Joined by other fellow San Francisco Bay Area photographers such as Edward Weston, Imogen Cunningham and Willard Van Dycke, Ansel Adams founded the f/64 group in 1932, which all shared a common photographic style that was characterized by what they called ‘pure photography’. The group adopted an approach that a photography should be ‘a clear image of the subject using light to capture each natural texture.’ It served a modern alternative to the Steichen x Stieglitz camera clubs and believed that photography should not take inspiration from other forms of art, such as painting, for the sake of acceptance. The name of the group, on the other hand, was chosen as such because the photographers ‘preferred to shoot f/64 which was a narrow aperture that keeps frame sharp by maintaining good depth of field.’

The Zone System

Known to spend hours in the darkroom to perfect each picture, Adams even developed his own system, which he called the Zone System, that enabled him to precisely depict the tonal values of each picture. The exposure of certain tonal values in a photograph was crucial to him that in developing such a system, he ranked values from zero to ten based on how dark or bright they were to appear on the print. Whether he was on location or in the darkroom, the ability to expose these elements accurately, true to his vision, allowed Adams to manipulate the lighting and contrast of a photograph. Adams’ technical experimentation and mastery of technique has since been a tremendous influence on form and light in contemporary photography.

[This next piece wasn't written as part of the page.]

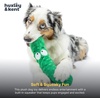 image:imageHuxley amp Kent Funny Dog Toy wSqueaker  Power Plush Squeaky Dog Toys for Small Medium amp Large Dogs  Soft Stuffed Animal for Indoor Play amp Fetch  Fetchies Sammy Sausage LargeLarge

Ansel Adams, Cathedral Peak and Lake, Yosemite National Park, California
Ansel Adams, Cathedral Peak and Lake, Yosemite National Park, California, 1960, Vintage Silver Gelatin Photograph

Cathedral Peak and Lake, Yosemite National Park, California

One of the best examples presenting Ansel Adams’ genius is his photograph titled Cathedral Peak and Lake, Yosemite National Park, California. The photograph is a striking depiction of the grandeur of the High Sierra mountains, as the Cathedral Peak stands proudly behind the lake with pine trees and rock formations on the shoreline. The atmospheric clouds in the sky add a cinematic effect to the overall feeling of the photograph. It was a part of a series of photographs Adams took during his trip to Yosemite with a group of his close friends, which included Georgia O’Keeffe, another significant name who had a great impact in the cultural imagination of the American wilderness.

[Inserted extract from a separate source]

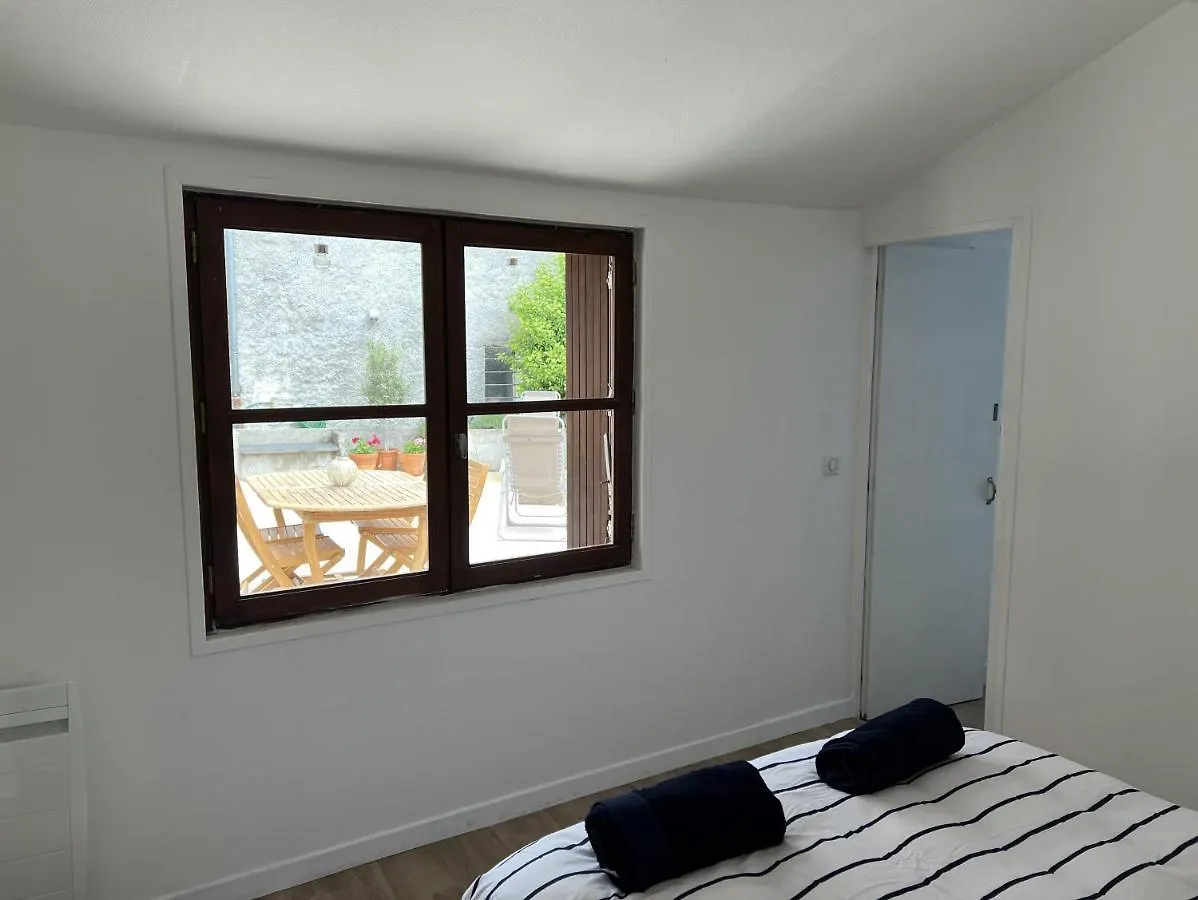 Luxurious Garden Cottage Argelès-Gazost 0*,  Francie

Expressing the True Ecstasy and Excitement of Witnessing the Beauty of Nature

There is a certain larger-than-life, even spiritual sense to the photograph as Adams captures a particular, arresting moment revealing the magnificence and glory of nature itself. The fact that he had access to nature untouched by humans, such as the location in the picture, gives the image an extraordinary, even romantic quality. The photograph is also a testament to the fact that Adams has never simply been a nature photographer, but such an image is a way of expressing the true ecstasy and excitement he felt witnessing the beauty of nature.

The Final Print

The final print, with Adams’ attention to its tonal elements, also presents an idealized version of what really exists. By shooting black and white, Adams is able to enhance the dramatic shadows, and manipulate reality in a way, positioning the viewer closer to his envisioned image. The strong ’S’ curve created by the lake serves as a guiding line to emphasize movement in the photograph. Adams’ instinctive play on contrasts throughout the photograph provided it an engaging drama and heightened intensity, a recurring characteristic throughout his photographic portfolio that gave its iconic status.

A Legacy

Throughout his career, Ansel Adams has has earned numerous medals, awards and honors, including the Presidential Medal of Freedom, the Hasselblad Medal, the French Legion of Merit, and was recognized as an honorary Doctor of Fine Arts from from Havard University. The Metropolitan Museum of Art held a major retrospective for Adams in 1974, and he co-founded the Center for Creative Photography the following year. Adams was a pivotal name in photography’s acceptance in fine arts as a medium, and his acute attention to detail, both in terms of narrative and technique is considered a guiding light for the advancement of the medium today.